The President’s speech last night sounded like it was the product of a speechwriter’s war, where everyone was so anxious to get their own digs in they lost sight of the fact that the parts didn’t really all fit together. But as we start Day 10 of our whip count, we’ll see if any members of Congress found it persuasive.
Meanwhile, the White House is working with John McCain and the so-called “gang of 8″ to draft a new bill that would give the Presient the authorization to use military force in Syria if diplomacy doesn’t work. (If you thought they were giving up, they’re most certainly not.)
Rep Darryl Issa (R-CA) goes from lean nay to firm nay: “Oversight and Government Reform Chairman Darrell Issa, R-Calif., described himself on Monday evening as “a firm ‘no.’
Sen Tammy Baldwin (D-WI) comes out as a firm nay: “I oppose authorizing military involvement in Syria’s civil war.”
Rep. Pete Roskam (R-IL) goes from lean nay to firm nay: “The House GOP chief deputy whip from suburban Wheaton tells The Associated Press he waited to make the decision until after a Monday evening classified security briefing with National Security Adviser Susan Rice, Secretary of State John Kerry and Secretary of Defense Chuck Hagel.”
11:07 AM: Sen Bernie Sanders (I-VT) from undecided to lean nay.
Sen. Dean Heller (R-NV) from lean nay to firm nay.
Sen. Rob Portman (R-OH) goes from undecided to firm nay.
Sen. Mike Enzi (R-WI) goes from lean nay to firm nay.
Sen. Roger Wicker (R-MS) goes from lean yea to firm nay.
11:42: John Hoeven (R-ND) goes from undecided to firm nay: “Hoeven said he is against any kind of military strike on Syria, which used chemical weapons on rebel forces last month, killing more than 1,400 near Damascus.”
Richard Shelby (R-AL) goes from lean nay to firm nay: “Sen. Richard Shelby, R-Tuscaloosa, emerged from a closed-door briefing with President Barack Obama today and said he will “firmly oppose” the resolution brought before the Senate calling for the use of American military force in Syria’s civil war.”
12:10: On the Senate floor Dianne Feinstein gives credit to the Russians for helping bring a diplomatic solution to the Syria situation.
DiFi says that the intelligence confirming Syrian responsibility for the chemical weapons attack includes the fact that Syrian chemical weapons people were on site where the sarin gas was mixed.
Says the Senate may still pass a bill authorizing the use of force because the threat has been important in bringing Syria to the table.

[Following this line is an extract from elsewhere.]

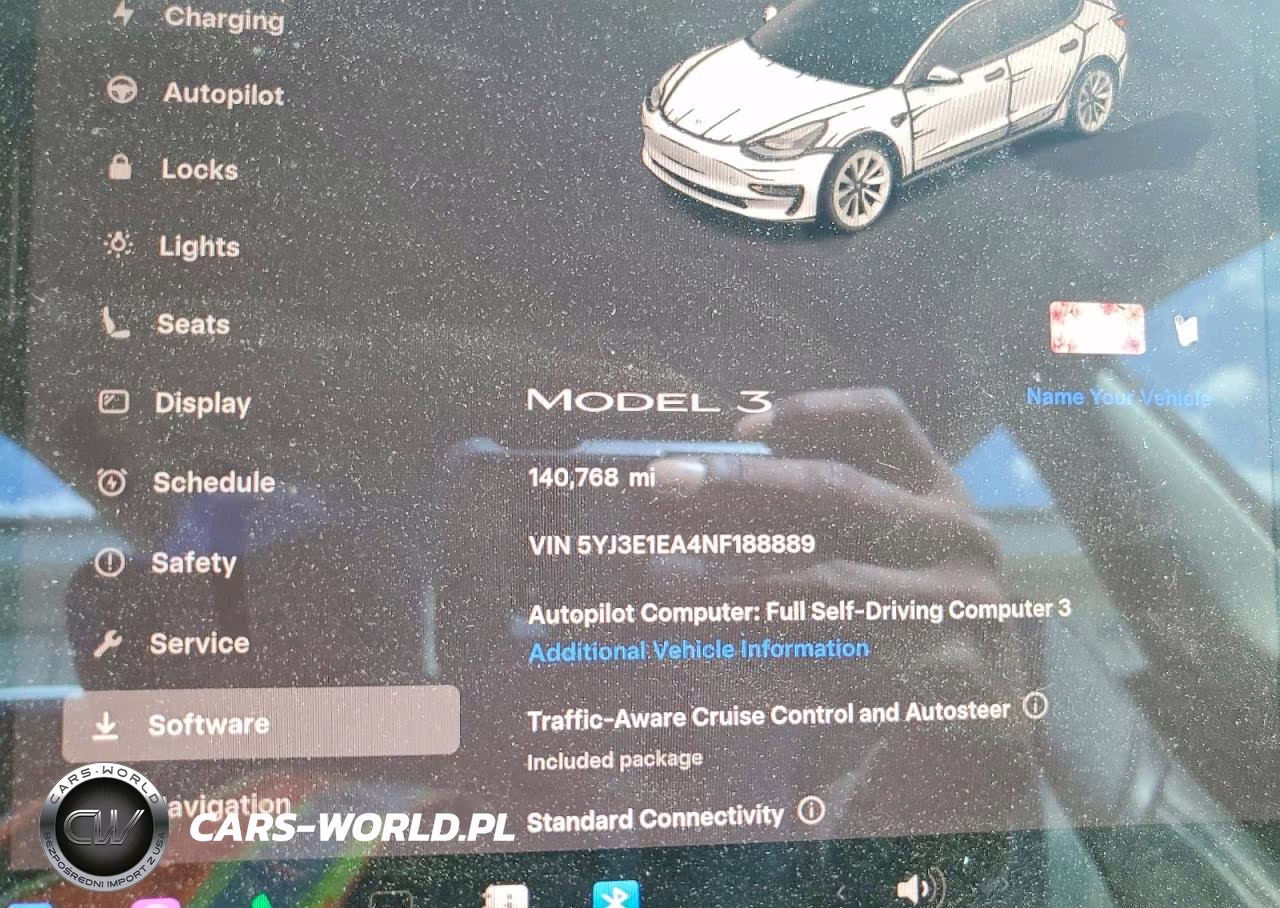 2022 Tesla Model 3 VIN:5YJ3E1EA4NF188889 - 9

If these attempts at diplomacy fail we may be back here on the floor of the Senate to pass an authorization for the use of military force. Hopes Russia succeeds so we won’t have to.
12:50: Susan Collins speaking on floor now.
Sen Dan Coates (R-IN) goes from lean nay to firm nay.
Sen. John Cornyn (R-TX) goes from lean nay to firm nay.
1:06: Sen. Thad Cochran (R-MS) goes from undecided to lean nay: “Republican Thad Cochran told The Associated Press on Monday that he’s leaning against military action but still considering President Barack Obama’s arguments for it.”
1:17: Sen. Susan Collins (R-ME) goes from undecided to firm nay: “After a week of closed-door briefings on the Syrian issue, Collins said she could not support a Senate Foreign Relations Committee resolution authorizing military force.”
1:43: A survey by the military times finds that active duty troops oppose military action in Syria by 3:1.
1:50: Pelosi lieutenant Rep. Anna Eshoo (D-CA) releases a statement saying “I will cast a ‘no’ vote to the President’s request for authorization to strike Syria should it be taken up by the U.S. House of Representatives.”
I believe a preemptive and unilateral strike against Syria is wrong. I believe it will make the world more dangerous, not safer. I believe it will not reverse the tide on the ground in Syria. I believe that using force for the sake of force is not in the interest of our national security and will be counterproductive.
I believe, as do thousands of my constituents, that going to war against Syria—regardless of how targeted or limited the strikes—will implicate the U.S. in a civil war, cause possible retaliations in the region destabilizing it even more, and add to the ill will against our country.
I will cast a ‘no’ vote to the President’s request for authorization to strike Syria should it be taken up by the U.S. House of Representatives.”
Sen. Heidi Heitkamp (D-ND) who was a firm nay on the initial Senate resolution, says she is “open” to the McCain backdoor AUMF: “While I’m still waiting to learn additional details about this new resolution, if it means we’re closer to a diplomatic solution addressing the use of chemical weapons in Syria, that’s a good thing,” she said.
From the floor of the Senate, Harry Reid announces that the Senate is formally dropping consideration for a resolution authorizing US military force in Syria and deferring to diplomatic efforts.